Seeking better processors for deep learning, IBM developers turned to graphical processing units (GPUs), designed to perform advanced mathematics used for high-speed, three-dimensional imaging in computer games. IBM found that GPUs can run deep-learning algorithms much more efficiently than CPUs, so the team hard-wired chips to run particular processes.

“In other machines, you load data and instructions, but in data-flow machines, certain instructions are hard-wired in the processor, so you don’t have to load the instructions,” says Haensch. This marked a break from the conventional von Neumann model because data flowed through the hard-wired processor, as if operations were being performed in-memory. It also worked for the deep-learning algorithm, because about 80% of its operations used the same advanced mathematics as image processing.

Further fine-tuning of current materials only offers a short-term solution, says Haensch.
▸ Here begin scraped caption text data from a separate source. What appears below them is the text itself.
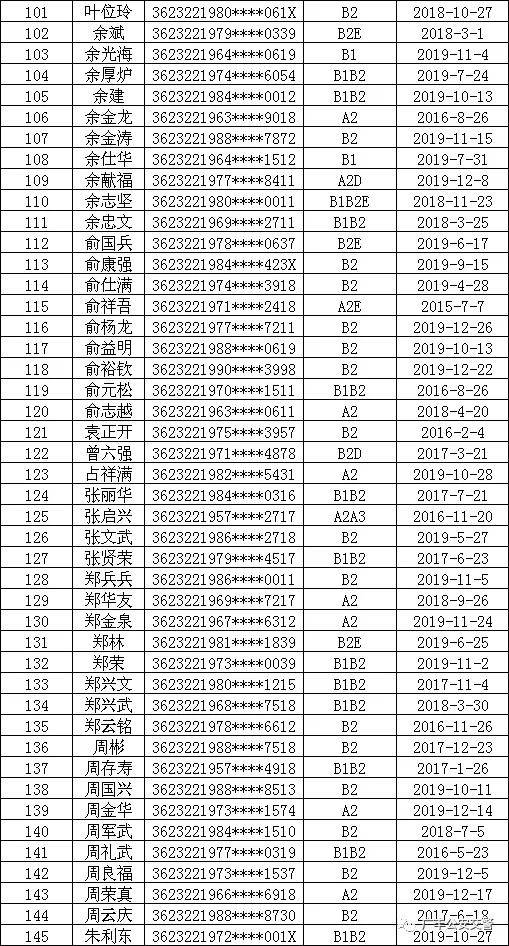 广丰多少人口_江西十年人口大迁徙,他们去哪里了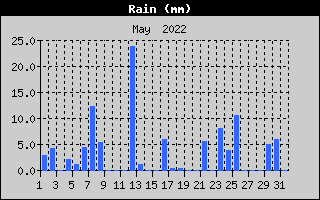 Total Rain History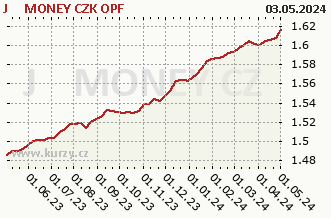 Graph of purchase and sale J&T MONEY CZK OPF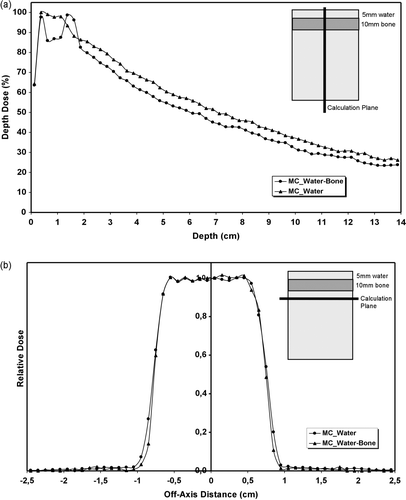 Figure 3.  LGK irradiation in phantoms: (a) Monte Carlo calculated depth dose curves for homogeneous (water) and heterogeneous (water-bone) phantoms. The inhomogeneity thickness was 1 cm and it was placed 0.5 cm below surface. (b) Monte Carlo calculated off-axis ratios curves for the same phantoms. The statistical uncertainty for both simulations was <1%.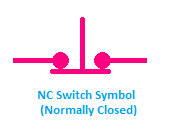 Normally Closed (NC) Switch Symbol, symbol of Normally Closed (NC) Switch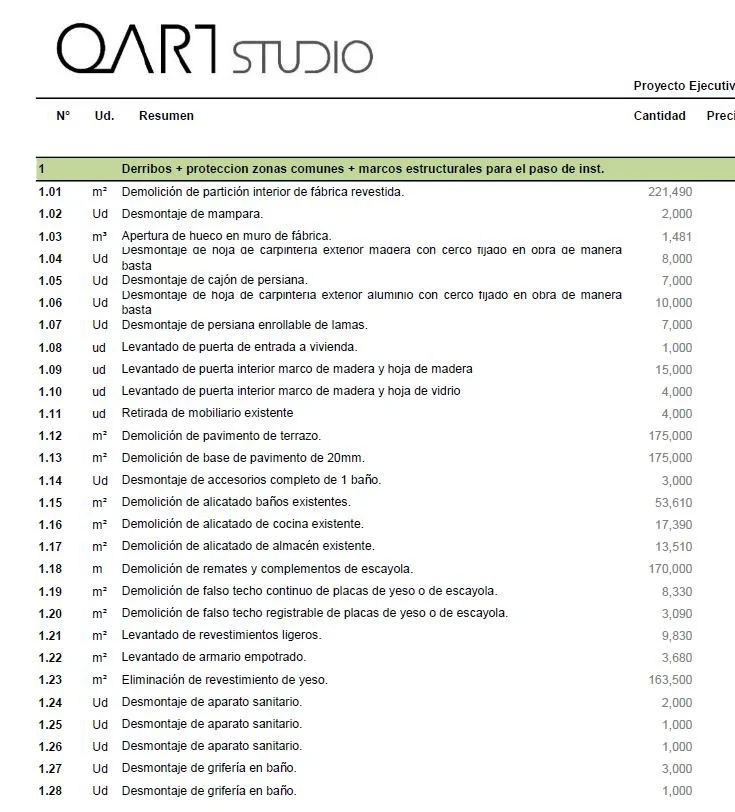 Project Manager vs. PMO: la metodología de QART Studio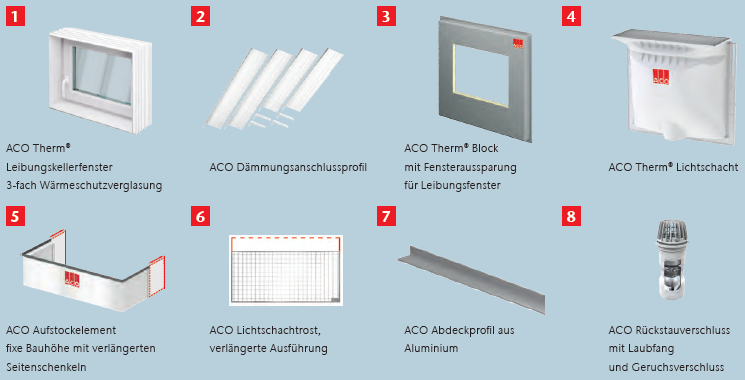 Rendering von einzelnen Produktkomponenten für einen Lichtschacht.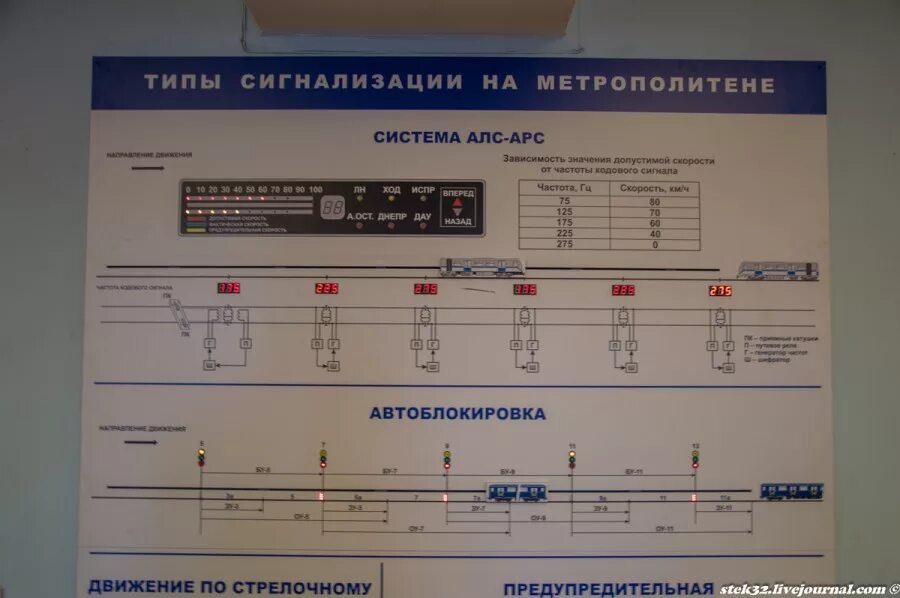 АЛС-АРС В Московском метрополитене. АЛС АРС метрополитена. Система АЛС АРС В метро. Типы сигнализации в метрополитене. Метрополитен расшифровка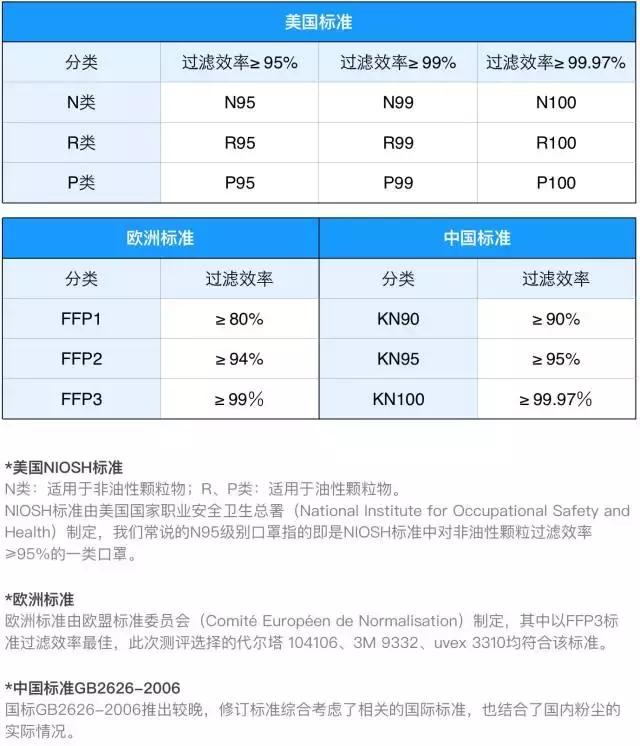 鹿晗绿色同款口罩,心疼鹿晗的瞬间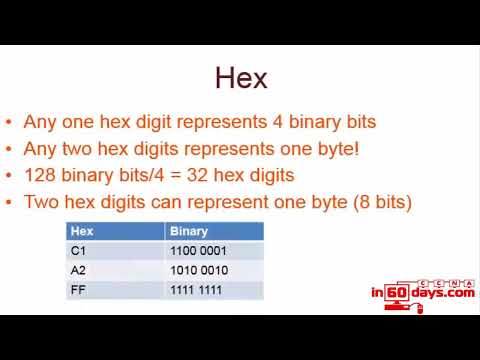 CCNA in 60 Days Welcome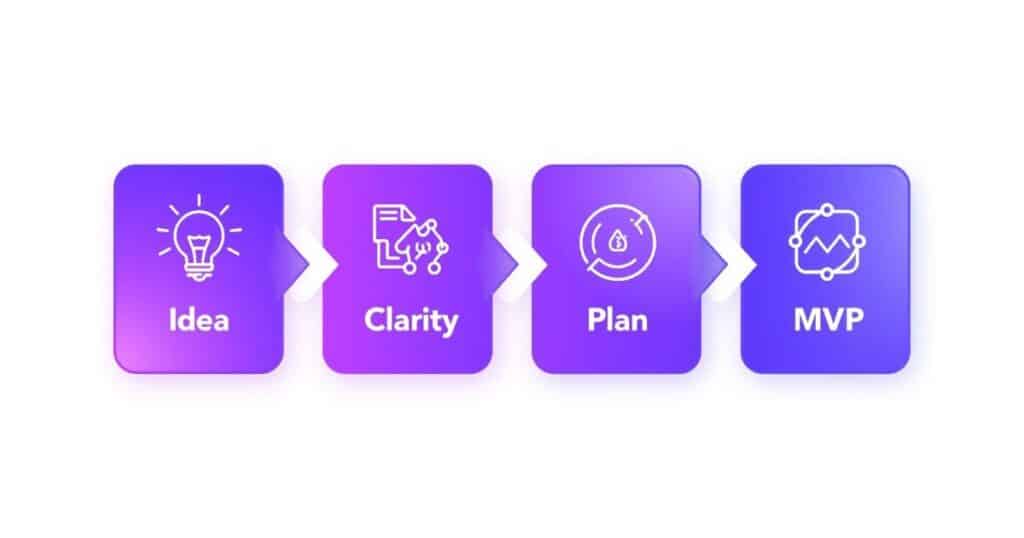 AI business idea prompts shown in a clear 4-step flow from idea to MVP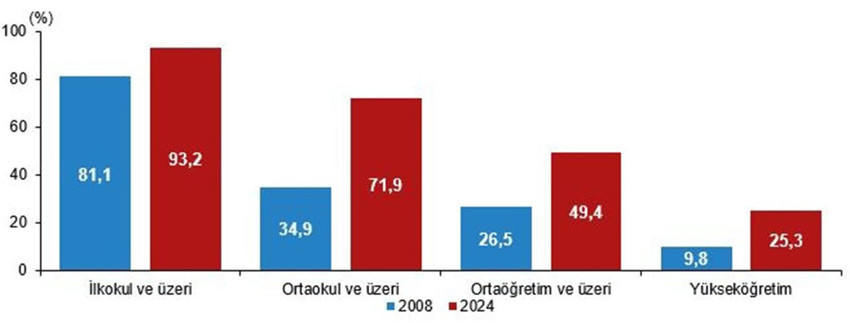 Türkiye'nin en acı haritası yayınlandı: Türkiye'de ortalama eğitim süresi belli oldu - Resim: 3
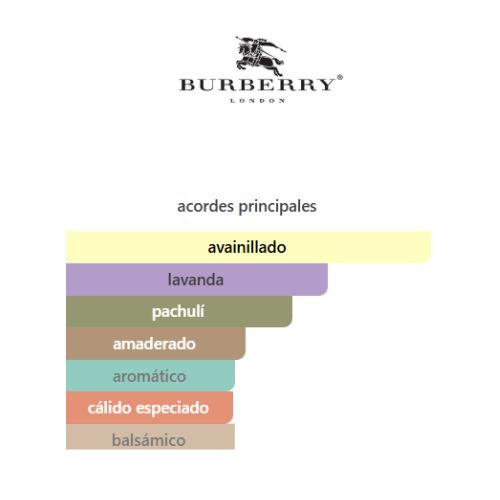 Goddess Intense Burberry for women APARFUM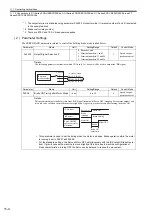 Предварительный просмотр 425 страницы YASKAWA JAPMC-MC2100 User Manual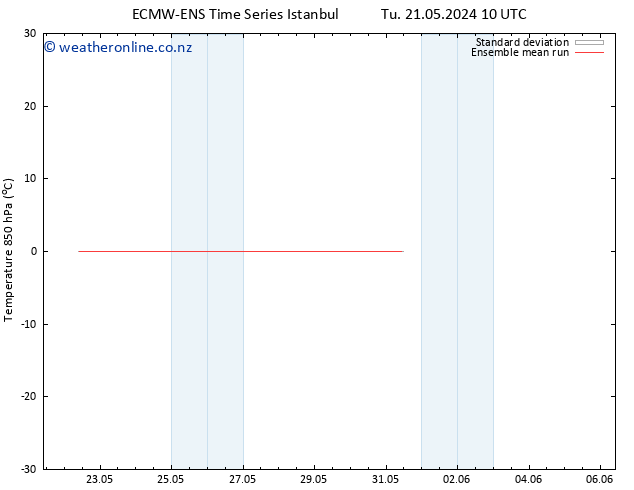 Temp. 850 hPa ECMWFTS Sa 25.05.2024 10 UTC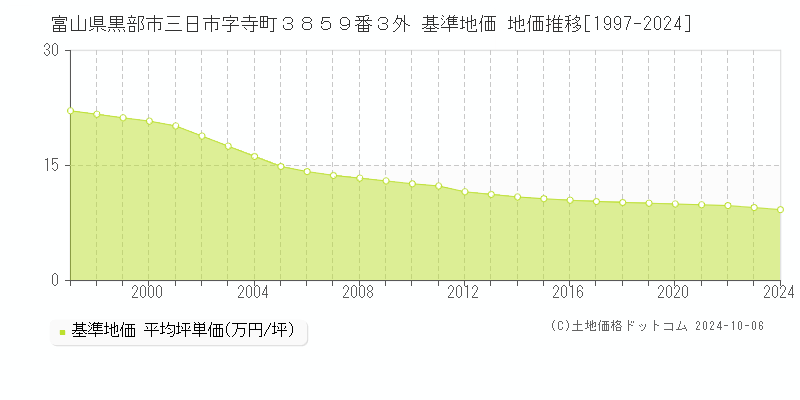 富山県黒部市三日市字寺町３８５９番３外 基準地価 地価推移[1997-2024]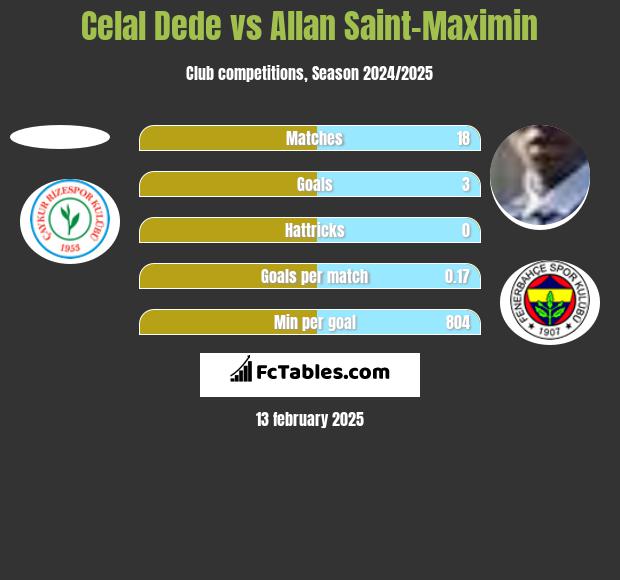 Celal Dede vs Allan Saint-Maximin h2h player stats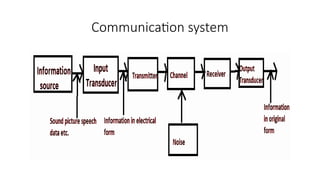 Computer Data Conversation Unit II data communication basic computer.pptx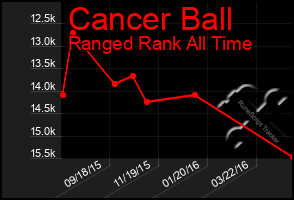 Total Graph of Cancer Ball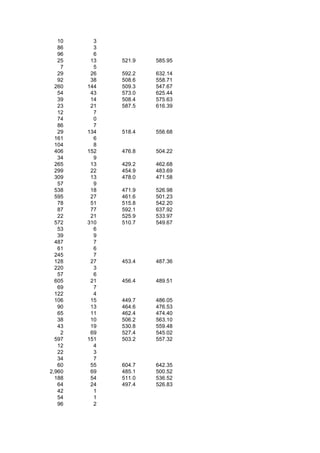 10     3
   86     3
   96     6
   25    13   521.9   585.95
    7     5
   29    26   592.2   632.14
   92    38   508.6   558.71
  260   144   509.3   547.67
   54    43   573.0   625.44
   39    14   508.4   575.63
   23    21   587.5   616.39
   12     7
   74     0
   86     7
   29   134   518.4   556.68
  161     6
  104     8
  406   152   476.8   504.22
   34     9
  265    13   429.2   462.68
  299    22   454.9   483.69
  309    13   478.0   471.58
   57     9
  538    18   471.9   526.98
  595    27   461.6   501.23
   78    51   515.8   542.20
   87    77   592.1   637.92
   22    21   525.9   533.97
  572   310   510.7   549.67
   53     6
   39     9
  487     7
   61     6
  245     7
  128    27   453.4   487.36
  220     3
   57     6
  605    21   456.4   489.51
   69     7
  122     4
  106    15   449.7   486.05
   90    13   464.6   476.53
   65    11   462.4   474.40
   38    10   506.2   563.10
   43    19   530.8   559.48
    2    69   527.4   545.02
  597   151   503.2   557.32
   12     4
   22     3
   34     7
   60    55   604.7   642.35
2,960    69   485.1   500.52
  188    54   511.0   536.52
   64    24   497.4   526.83
   42     1
   54     1
   96     2
 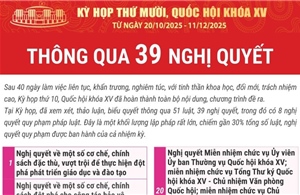 Kỳ họp thứ 10, Quốc hội khóa XV thông qua 39 nghị quyết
There are many new ideas, new devices and new nanostructures, he says, but none is ready to replace CMOS. And there are no guarantees on whether, or when, they will be ready to deliver the transformation the industry needs.

Charts showing the overal global output in nanoscience and for the leading nations

Source: Nature Index

Among the most popular class of devices in development are memristors, which have both memory and electrical resistance. Memristors resemble standard electrical resistors, but applying an electrical input to them can alter their resistance, changing what’s stored in memory. With three layers — two terminals that connect to other devices, separated by a storage layer — their structure allows them to store data and process information. The concept was proposed in 1971, but it was not until 2007 that R. Stanley Williams, a research scientist at Hewlett-Packard Labs in Palo Alto, California, made the first thin-film solid-state memristor that was usable in a circuit.

Memristors can be made on a nanometre scale and can switch in less than a nanosecond. They have “great potential for developing future computing systems past the von Neumann and Moore’s law eras”, Wei Lu and his group at the University of Michigan in Ann Arbor outlined in a 2018 review of memristor technology (M. A. Zidan et al. Nature Electron. 1, 22–29; 2018). Building a single system that combines all of the desired properties will not be easy.

Next-generation materials

Researchers are looking to new classes of materials to meet the needs of advanced computing. Hersam and his colleague Vinod K. Sangwan, a materials science and engineering researcher at Northwestern University, have catalogued an extensive list of potential neuromorphic electronic materials that includes zero-dimensional materials (quantum dots), one-dimensional and two-dimensional materials (graphene), and van der Waals heterostructures (multiple two-dimensional layers of materials that adhere together) (V. K. Sangwan and M. C. Hersam Nature Nanotechnol. 15, 517–528; 2020).

One-dimensional carbon nanotubes, for example, have attracted attention for their use in neuromorphic systems because they resemble the tubular axons through which nerve cells transmit electric signals in biological systems.

Opinions are divided on how these materials will factor into the future of computing. Abu Sebastian, the Zurich-based technical leader of the IBM Research AI Hardware Center in Albany, New York, is focused on near-term gains, and sees opportunities to push further in both digital and neuromorphic computing.

“Companies such as Mythic [an artificial intelligence company based in Austin, Texas] are very close to commercialization,” he says. On the research side, Lu says there’s a lot to figure out. The complex computations adapted from imaging need to be made “tighter and more accurate” for neuromorphic computing to take full advantage, he says. Haensch adds that there is so far no material to enable viable commercial production.

Intel and IBM, which is the leading corporate institution for nanoscience and nanotechnology-related output in the Nature Index, have large groups working on non-von Neumann computing. Hewlett-Packard and Paris-based artificial intelligence firm Lights-On are among several companies that are focused on near-term applications.